Information shown:
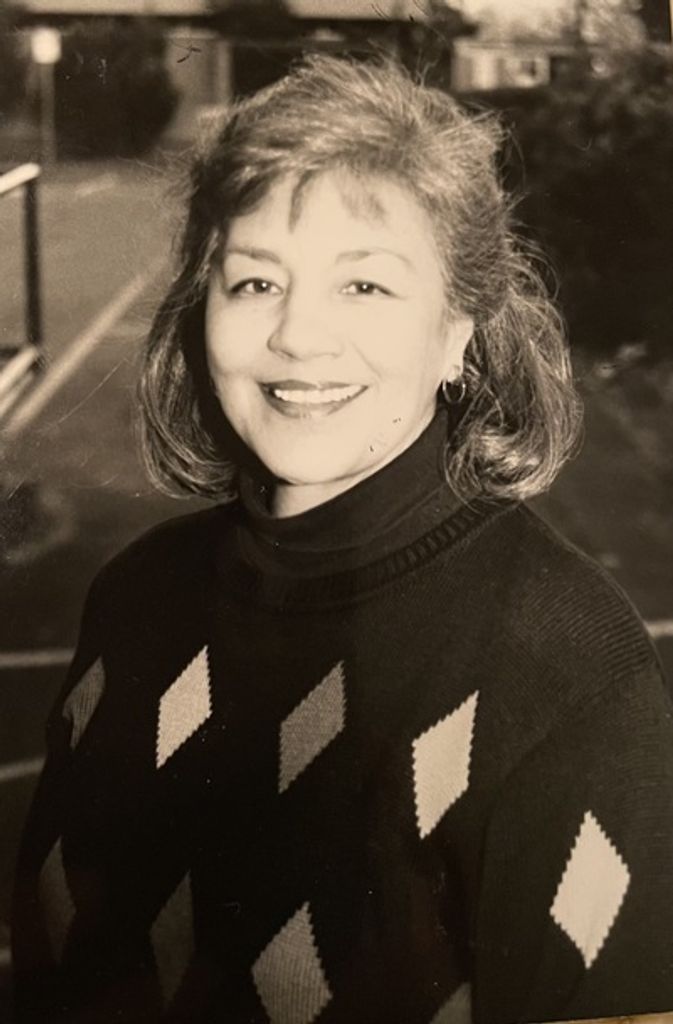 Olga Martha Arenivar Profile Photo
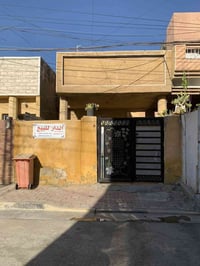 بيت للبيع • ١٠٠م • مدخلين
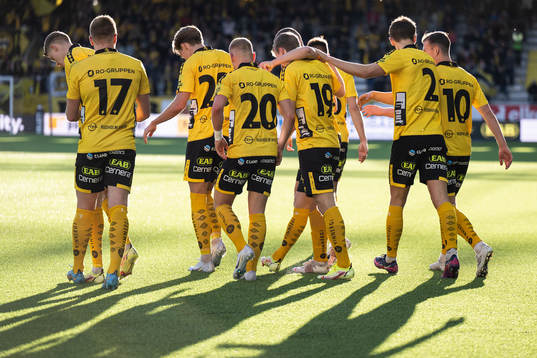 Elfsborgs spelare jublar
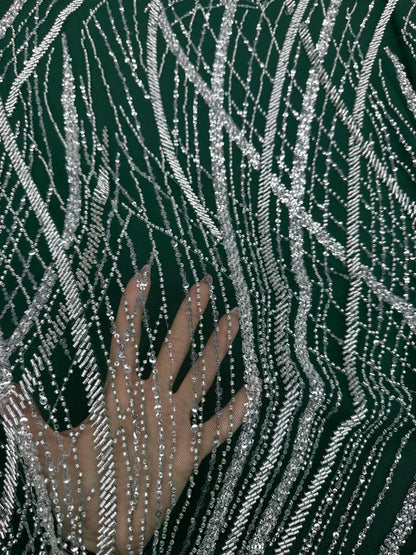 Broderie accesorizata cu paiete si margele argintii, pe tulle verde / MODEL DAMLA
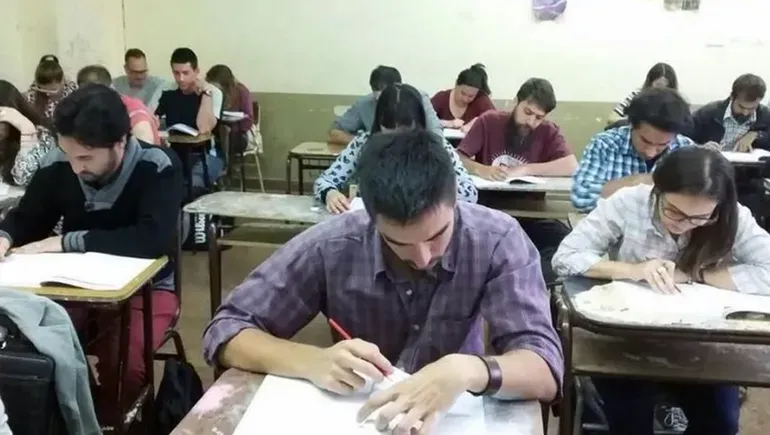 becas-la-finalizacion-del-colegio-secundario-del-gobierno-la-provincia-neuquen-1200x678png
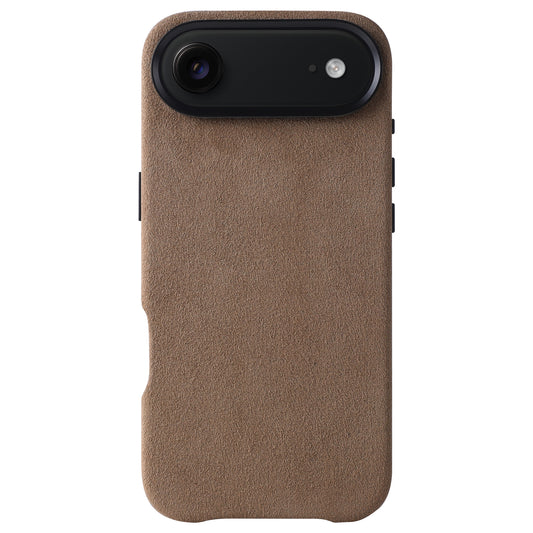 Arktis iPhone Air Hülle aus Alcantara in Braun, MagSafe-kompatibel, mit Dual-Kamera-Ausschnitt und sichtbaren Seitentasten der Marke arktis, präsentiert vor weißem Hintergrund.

...

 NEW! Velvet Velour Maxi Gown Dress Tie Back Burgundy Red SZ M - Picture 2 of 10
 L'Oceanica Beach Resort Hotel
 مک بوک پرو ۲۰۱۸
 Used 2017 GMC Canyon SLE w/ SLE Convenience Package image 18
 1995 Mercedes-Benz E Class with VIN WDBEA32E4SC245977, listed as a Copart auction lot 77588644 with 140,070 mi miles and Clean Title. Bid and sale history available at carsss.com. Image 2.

Prompt: Please, from the material above, copy only the lines from the line with "مک بوک پرو ۲۰۱۸" up to and including the line with "1995 Mercedes-Benz E", exactly as written.

Task answer:
 مک بوک پرو ۲۰۱۸
 Used 2017 GMC Canyon SLE w/ SLE Convenience Package image 18
 1995 Mercedes-Benz E Class with VIN WDBEA32E4SC245977, listed as a Copart auction lot 77588644 with 140,070 mi miles and Clean Title. Bid and sale history available at carsss.com. Image 2.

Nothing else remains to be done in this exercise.